For a player who had 14 surgeries over his career, Sutton has a well-earned appreciation for protection while on the ice. “It’s something that’s near and dear to me, and having a vehicle like my company to make some significant changes while helping others is really validating. I’m looking forward to the future and being able to bring a lot of the things I’ve learned over the years to the masses.”

Taller than most players at 6-foot-6, Sutton says it was tiresome finding ways to retrofit his equipment at times. “Beyond the simple weight of the gear, the fit was always an issue for many other players and me. There was a general lack of evolution in the equipment space I felt. You look at the shin pad; it hasn’t changed much in formal-function in 50 years. It’s was time for a change, and I’m trying to push every frontier in that regard. We will continue to progress, so there is even more customization.”

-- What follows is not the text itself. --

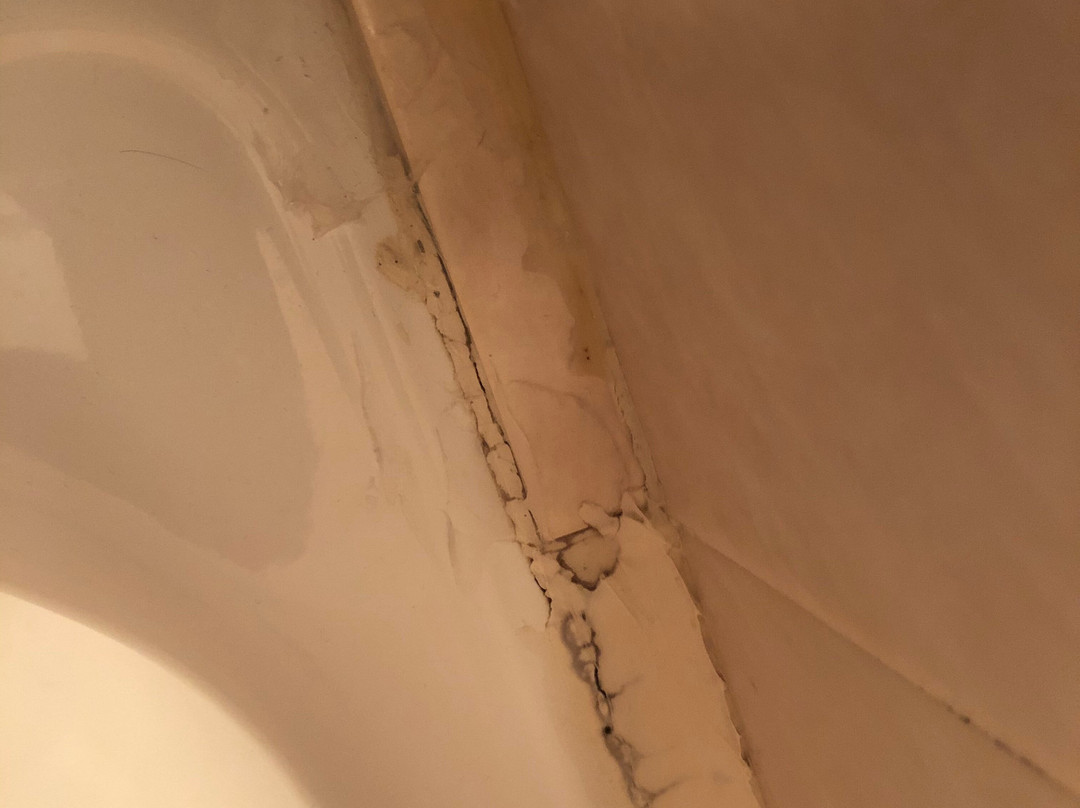 Harz Hotel Waldrausch主图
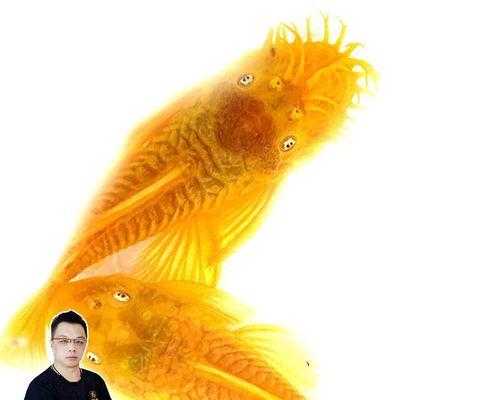 入门级鼠鱼推荐:适合新手的品种与饲养要点 入门级鼠鱼推荐:适合新手的品种与饲养要点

It’s a Team Game In Business

Understanding the importance of teamwork, Sutton has joined with a unique company to offer further customization. “I have partnered with a company, KAV, to help. It is an industry game-changer and the most progressive helmet technology in the world, in my opinion. It’s 3D printed over a 36-hour period and is fully customized, so it’s literally the exact specifications for any head size. From a protection standpoint, it’s unparalleled because of the fit. I am honoured that we can be affiliated with companies like KAV to provide a customization and safety level that hasn’t been done before in hockey.”

Andy Sutton (FrenchKheldar/Flickr)

An important theme of his company is the weight, or lack thereof, with the equipment. The lightness of Verbero equipment will allow a player to stay at a higher energy rate throughout the game. As a large player, Sutton understands the edge it can give. However, with his company’s customization potential, he says it’s a feature any player can take advantage of regardless of size. “Our whole focus in every product category is about performance and innovation for all players of all ages.”

“It isn’t just taller or larger players looking for more comfort and safety,” describes Sutton. “All players are more prone to customizing everything, and we will offer this approach at Verbero.”

Hockey has evolved with more female players taking to the ice in the last 20 years, and Sutton ensures Verbero is a source for their protection as well. “Concussions are two times more prevalent in women’s hockey,” he said.

Life in the Business World

Sutton has faced hurdles in the business world as he did while playing NHL hockey but understands the dedication needed to succeed. Even during a tough pandemic for all businesses, it is a busy period. “Circumnavigating through COVID-19 is challenging,” he says. “Thankfully, we’ve been able to grow through it. Some approaches we’ve put in place are starting to pay dividends, and word is spreading well about what Verbero is and how we’re different. We are bringing on new brand partners, affiliations, teams, leagues and associations.”

“Over a few years of working with some knowledgable people, I was able to learn a lot about manufacturing, sourcing, branding and marketing. The company is a collection of all the best things I learned so far from hockey and technology, and it is really validating for me personally being able to give back to the game.”

After a career of making the best of his abilities on the ice, Sutton’s found the experience of building a business just as challenging, but potentially even more rewarding, particularly because it gives him the freedom to enjoy more time with family and an opportunity to chase other goals he desires that don’t involve bodychecks or blocking shots.

Life is indeed good for Andy Sutton after hockey. Though being so busy with his company, his golf game hasn’t improved as much as he would have thought, but, his enjoyment in life after hockey couldn’t be better.